His record of success is impressive. His research reportedly exposed a system of brutality and torture in the country’s criminal justice system, the outcry leading to the country’s first human rights training workshop to prevent police misconduct. In 1996, his effective lobby at the United Nations Commission on Human Rights lead to a resolution passed against the government of General Sani Abachi, condemning Nigeria’s abysmal human rights records.
This was the time when he began to receive both death and jail threats.
Like many of his peers, he didn’t stop. He went on to co-found the United Action of Democracy, which became the central tool for opposition o the military – as Nigeria’s pro-democracy political party. In 1997, he was back at the United Nations, pushing it to appoint a special human rights investigator for Nigeria.
By the time he went on to found his organization, the Center for Law Enforcement Education (CLEEN), focused on criminal justice reform, police brutality and civil rights, he had established his as a clear, effective voice against injustice, against abuse, and against what the country had become – with outcomes including a bouquet of sanctions against Abacha.

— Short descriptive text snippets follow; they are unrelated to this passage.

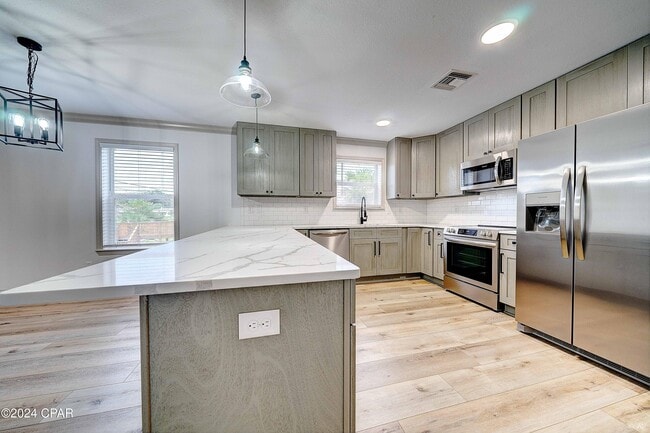 Building Photo - 1305 Calhoun Ave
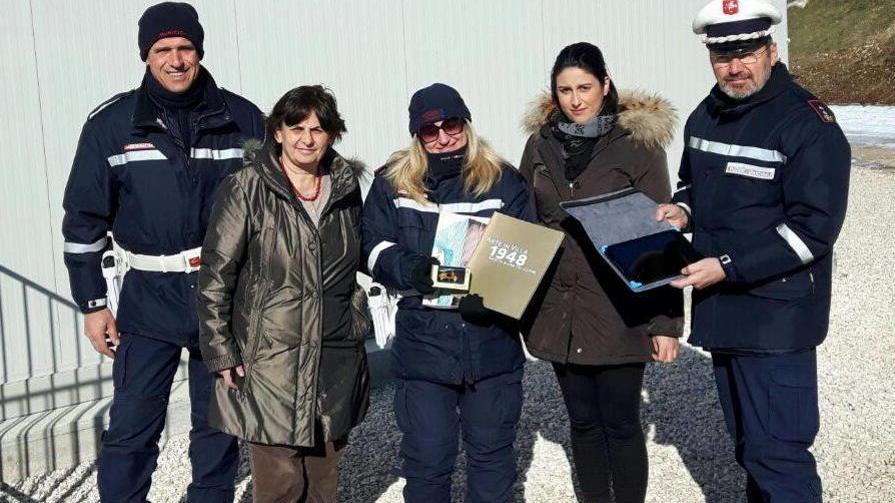La polizia locale dell’Unione dona tablet alle scuole di Norcia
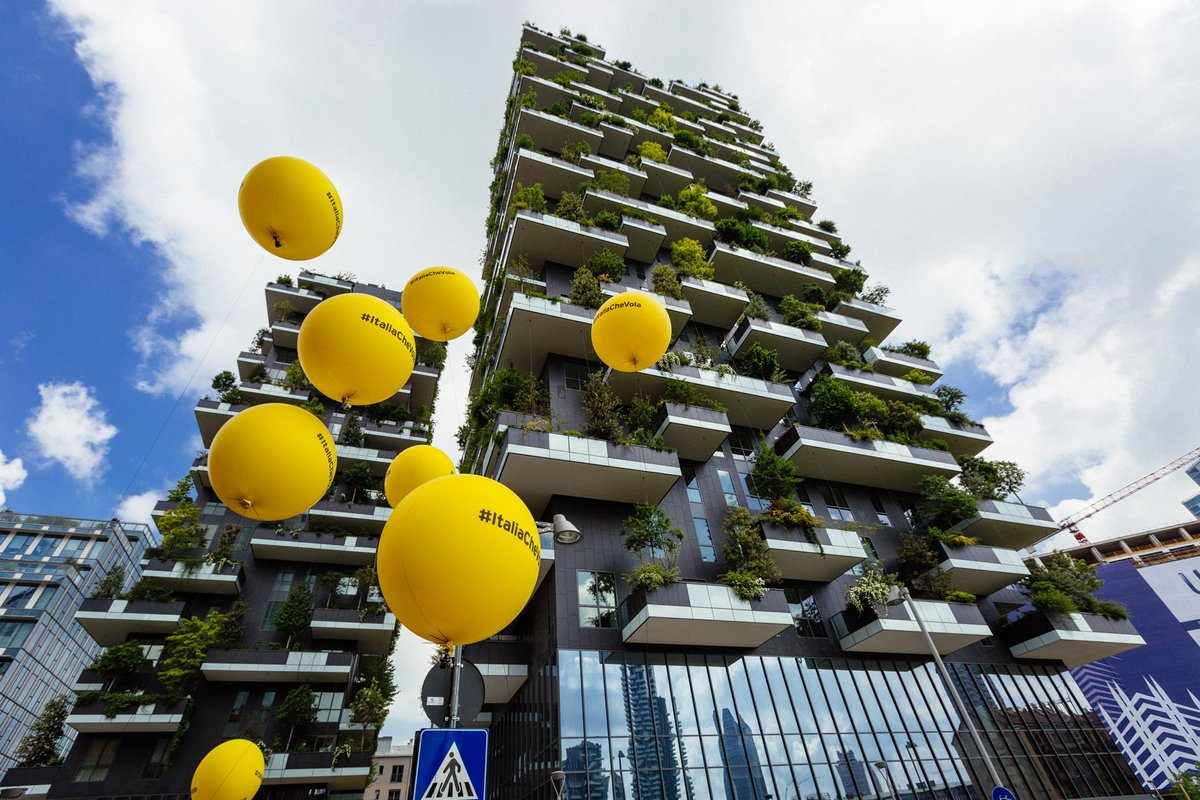 paperia1984's tweet photo. L'#ItaliaCheVola a #Milano #primomaggio #balloon #gopro http://t.co/XqKOIOomeK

It is important to recount these histories (like I did at the passing of Tunji Braithwaite months ago) because in a country buffeted by corruption, leaders without principle and hypocrites, it can be difficult to remember that there are people who have walked these roads, and lived these lives and who have done that with courage, with dignity and with character.
It was an honour to finally meet this man I had admired so much from afar, in person last year – and to find an outstanding public life matched by a personal character defined by dignity, by decency, by warmth and then by a clarity of perspective and passion for his country, not yet tempered by years of engagement.
Last Friday, Innocent Chukwuma and his wife (whom he proposed to within 3 days of meeting) celebrated decades of marriage and a mutual 50th birthday. As he danced, and as friends and family said nothing but kind words, all I could think of was just how much Nigeria should celebrate a life like this.
All I could think about was what a remarkable life of impact this one man has lived. All I could think of was how he led over 50,000 election observers to the 2007 elections in Nigeria, delivering a blistering report that condemned what the whole world saw as the worst held polls since 1993.
That moment possibly delivered the energy that helped Nigeria make the bend towards credible, respectable elections, starting 2011 – and it won’t be too far-fetched to say it laid the foundations for the historic hand-over of power that came with 2015.
It is important to celebrate those who made our today possible. It is important to remember the sacrifices of heroes past and present.
It is important to celebrate those like Innocent Chukwuma. And to remind his country(wo)men of how far they have come, and what they represent. Because there are so few like him amongst us. There are so few that we can point to with pride.
So to him I say: happy birthday. May your country yet make you proud.